The Nor'westers are a localised rainfall and thunderstorm event which occurs in the region of Eastern South Asia. This includes the region of Bengal (Bangladesh and West Bengal) and the regions of Odisha, Tripura, Assam, Bihar, Jharkhand in East India and Northeast India and the adjacent regions of Nepal during the summer months. These storms generally occur in the afternoon or just before sunset, when thick dark black clouds start appearing over the sky and then bring gale-speed wind with torrential rain, often with hail, but spanning only a short period of time.

== Etymology ==
They are also known as kalboisakhi or kalbaisakhi (কালবৈশাখী, /bn/; କାଳ ବୈଶାଖୀ, /or/), and as bordoisila (বৰদৈচিলা, /as/).

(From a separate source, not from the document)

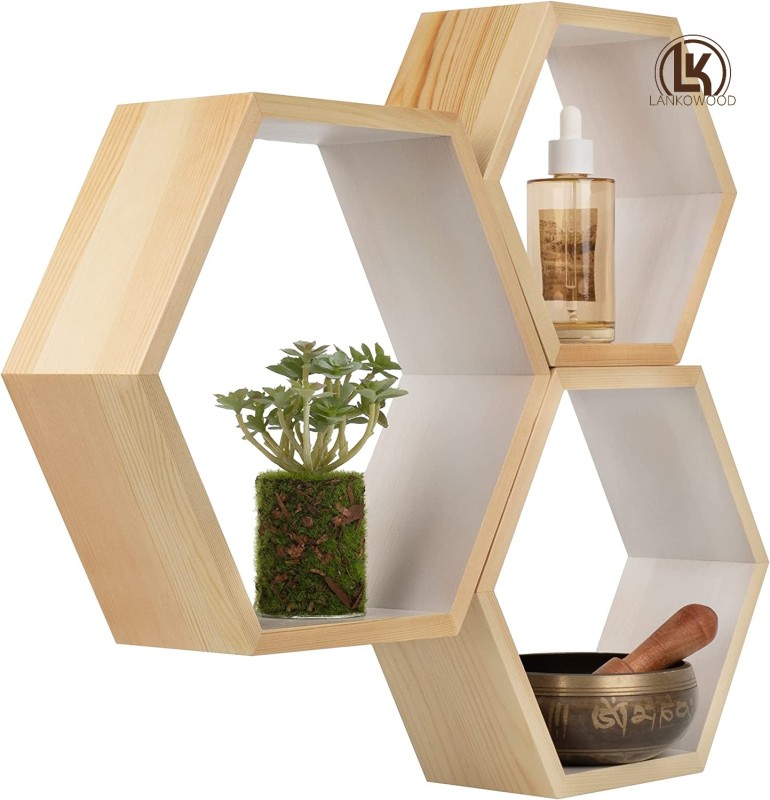 LANKOWOOD Hexagon Floating Shelves – Set of 3 Premium Pine Wood Honeycomb Shelves – Hexagon Shelves for Home and Office- Wooden Hexagon Wall Shelves - Octagon Shelves for Wall - Geometric Wall Shelf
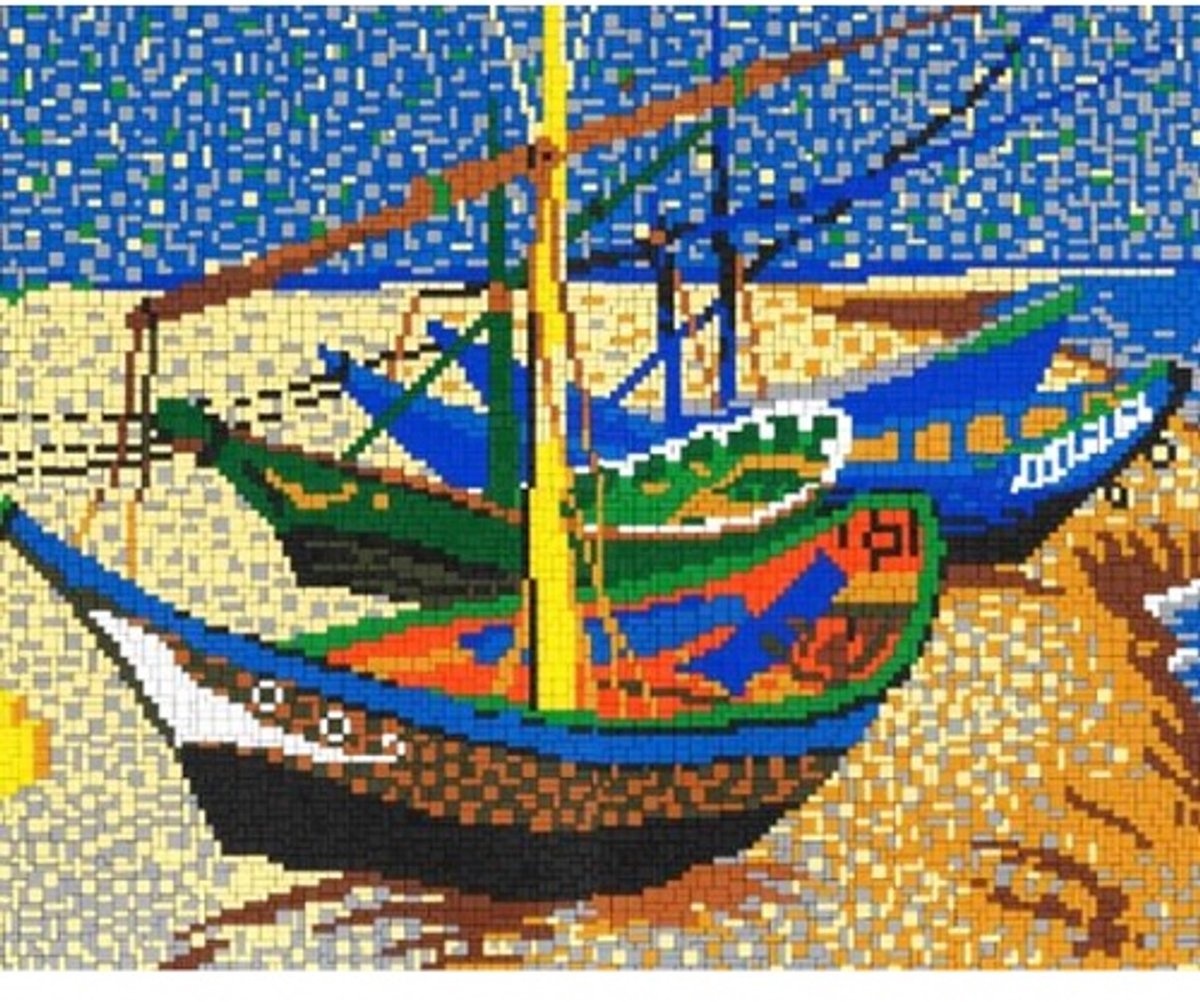 Stick-it Vissersboten op het strand, ca. 8.300 steentjes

In these languages, the term kālbôiśākhī refers to a "fateful thing" which occurs in the Hindu month of Baishakh. The term nor'wester is more commonly used in English newspapers since these storms travel from northwest to southeast. In Assamese, the event is known as a bôrdôisilā, which is derived from the Bodo word bôrdôisikhlā, in which bôr means wind, dôi means water and sikhlā means girl, represents the goddess of nature, wind and rain and also marks the beginning of the Assamese month Bôhāg or Baishagu.

== Genesis ==

Heavy hailstorm during a nor'wester in Thakurgaon, Northern Bangladesh (April 2022)

The period of kalboisakhi formation generally begins in April and lasts until the monsoon establishes itself over Northeast India, although March kalboisakhi are not unknown. Based on event descriptions and the meteorological environments involved, these storms can be classified as progressive derechos. kalboisakhi originate over the Chhotanagpur Plateau between the states of Bihar and Jharkhand. They gradually gain strength as they move southeastwards and impact the states of Odisha, West Bengal, and Assam with gale-speed winds (often exceeding 100 km/h), torrential rains, and hailstorms. On some occasions, incursion of moist air in these elevated places, when combined with high surface temperatures, causes violent thunderstorms. Tornadoes also rarely form if there is enough moisture, convection and heat in the Ganges-Brahmaputra Delta; one such tornado killed over a thousand people when it struck Bangladesh in 1989, making it the deadliest tornado in history.

== Effects ==
Kalboisakhi brings destruction by uprooting trees due to gale winds and waterlogging roads due to heavy rainfall. It often damages crop by hailstorms. However it is extremely helpful for kharif crops like jute, paddy, etc. and give relief after the mid-day heat and give rainfall to the dry soils for the development of the crops. Due to global warming, these storms are becoming infrequent and becoming stronger, causing more destruction.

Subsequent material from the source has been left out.